Before we jump directly into the topic let me define my terms. First, by elders I’m referring to men who have been recognized by a certain congregation, because of their blameless character (1 Timothy 3:2), as leaders of the congregation. Second, by authority I’m referring to the right elders have to make a choice. Specifically the right to choose in matters of which the Bible does not give clear instructions. We call these “matters of opinion.” They span from the times the congregation will meet for corporate worship, to determining which missionaries the congregation will support. Thus the question addressed put in another way is: Do the elders (as the recognized shepherds of the congregation) have the ability to make choices in “matters of opinion?”
1 Peter 5:3 (read my study of this verse here) has become a proof-text of sorts for people who deny that elders have authority within the church. It is often argued that from this verse we can glean the truth that the ONLY way that elders can lead is by example. The verse reads not “lording it over the lot, but being examples to the flock.” The conclusion then reached is since elders can’t “lord it over,” then they do not have authority.
Why it’s flawed?
I believe this conclusion is flawed for the following reasons:
First, there is a difference between “lording it over” and “having authority.” “Lording it over” views leadership as a means for power and authority. It is domineering and forcing your opinions on another regardless of their say. It is seeing leadership more as a position than a service. However, it is possible to make decisions for a group without “lording it over” the group.
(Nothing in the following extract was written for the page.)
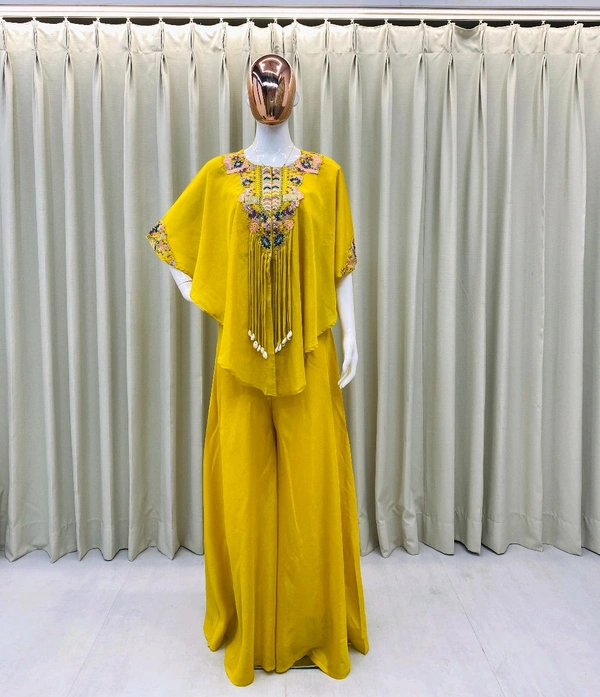 DSS 5764 *NEW TRENDY THREE PIECE INDO WESTERN WITH SEQUENCE EMBROIDERED WORK AIR TEX CHINON PLAZZO  SET  - Yellow, 2XL-44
Second, the very fact that the elders could potentially “lord it over” the church seems to imply that they have some legitimate authority. A group with no authority at all would never be tempted to use that authority in ways that were inappropriate. Thus, since Peter speaks of abuse of authority, it seems to imply that the elders have some measure of authority.
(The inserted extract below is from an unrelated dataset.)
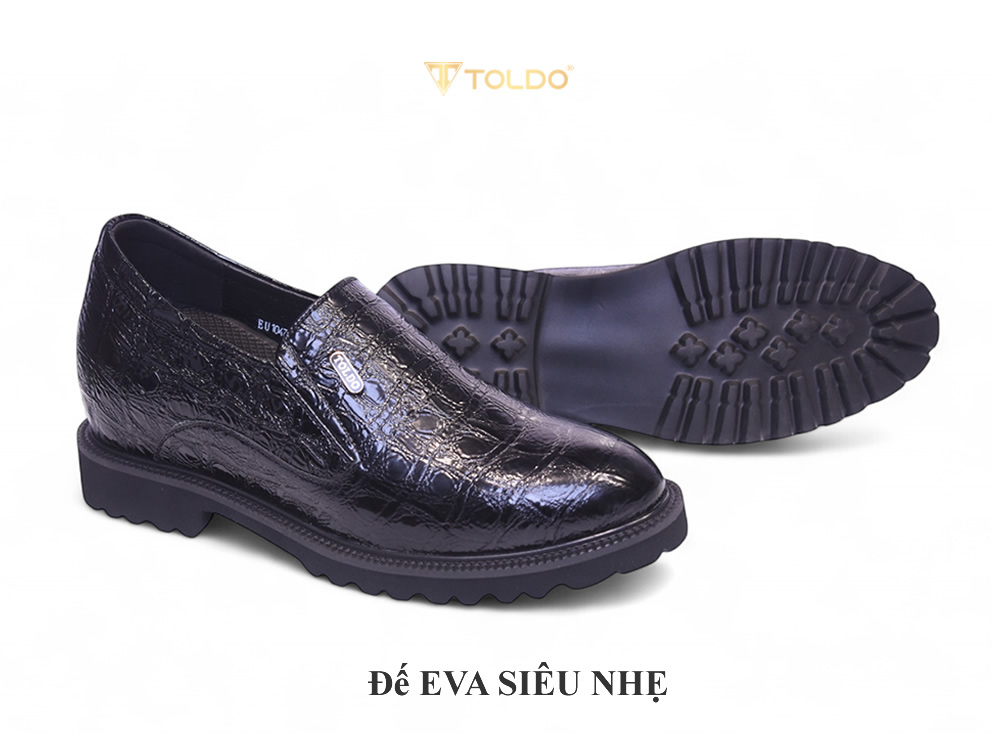 Giày cao nam 10cm da bóng vân cá sấu 10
Third, the Old Testament and Synagogal background to elders in the New Testament show that the role has authority. Elders in the Old Testament served in a wide range of ways including the settling of disputes, enforcement of the Mosaic Law, and taught the people the message of God. In the Synagogue the elders of that group were involved with the distribution of funds and the setting of worship times and organization.
Finally, the word shepherd in the Bible denotes a position of authority and leadership. It is used to describe God, Jesus, prophets, priests, and king. All of those are people with varying degrees of authority. Applying this terminology to an elder would also mean that the elders have a degree of authority.
Some people have been hurt by shepherds that they viewed were using dictatorial practices. I’m also sure in actuality there are men like Diotrephes (3 John 9) in the church. However, just because someone has sinned in “lording over the flock” does not mean that we shift to the other extreme of saying they have no authority at all.